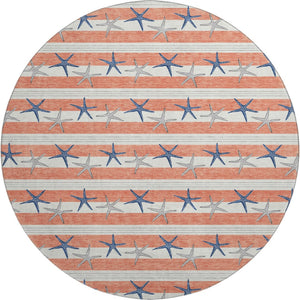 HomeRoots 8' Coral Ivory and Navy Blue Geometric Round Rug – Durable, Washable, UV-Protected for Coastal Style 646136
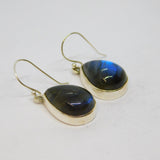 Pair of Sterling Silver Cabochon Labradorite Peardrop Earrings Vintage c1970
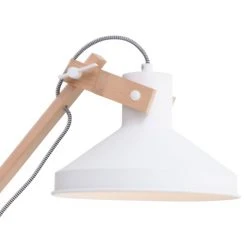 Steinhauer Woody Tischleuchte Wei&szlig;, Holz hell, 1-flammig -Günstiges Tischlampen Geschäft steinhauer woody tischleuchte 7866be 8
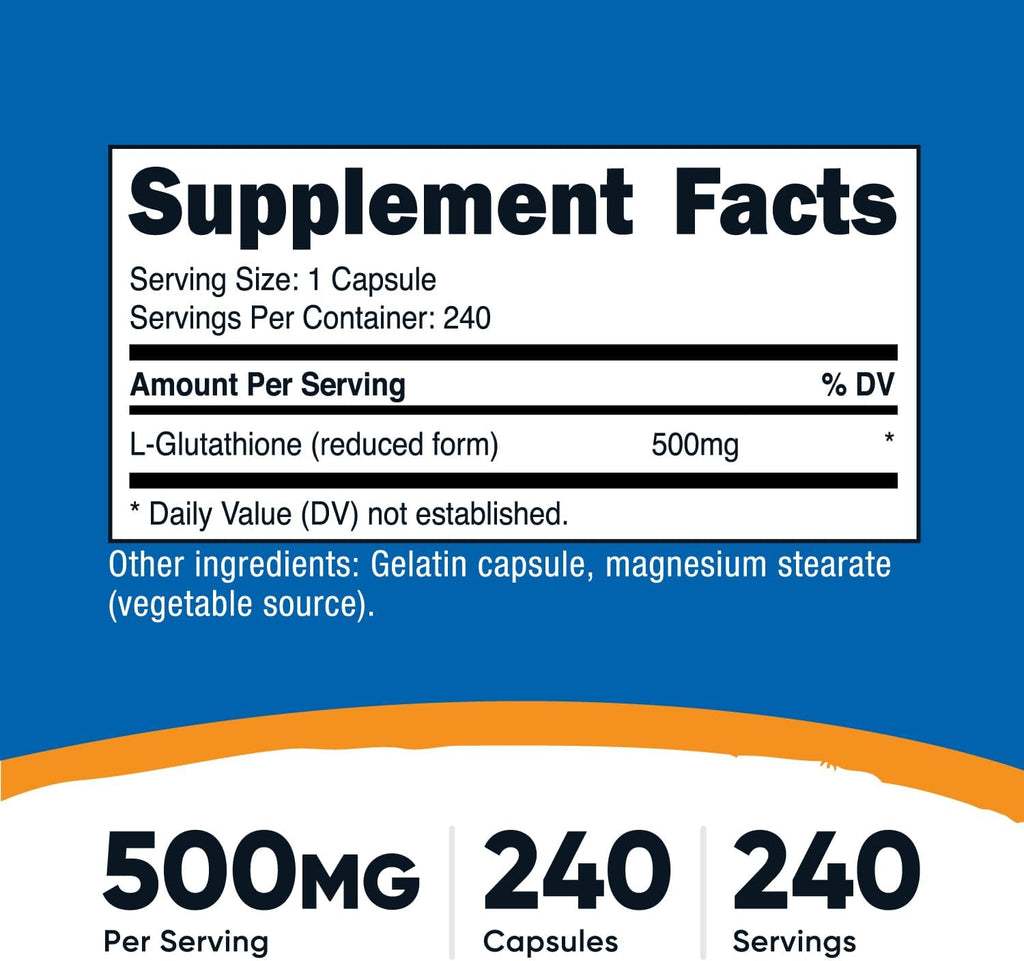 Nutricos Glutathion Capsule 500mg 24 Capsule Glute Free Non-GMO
--
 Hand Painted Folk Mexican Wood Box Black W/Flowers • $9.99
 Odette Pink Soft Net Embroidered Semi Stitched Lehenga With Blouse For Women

*PROBLEM DETAILS:* Transcribe, exactly and without additions, the lines of the records above, beginning with the line that contains "Hand Painted Folk" and ending with the line that contains "Odette Pink Soft", both included.

*RESPONSE TO THE EXERCISE:*
 Hand Painted Folk Mexican Wood Box Black W/Flowers • $9.99
 Odette Pink Soft Net Embroidered Semi Stitched Lehenga With Blouse For Women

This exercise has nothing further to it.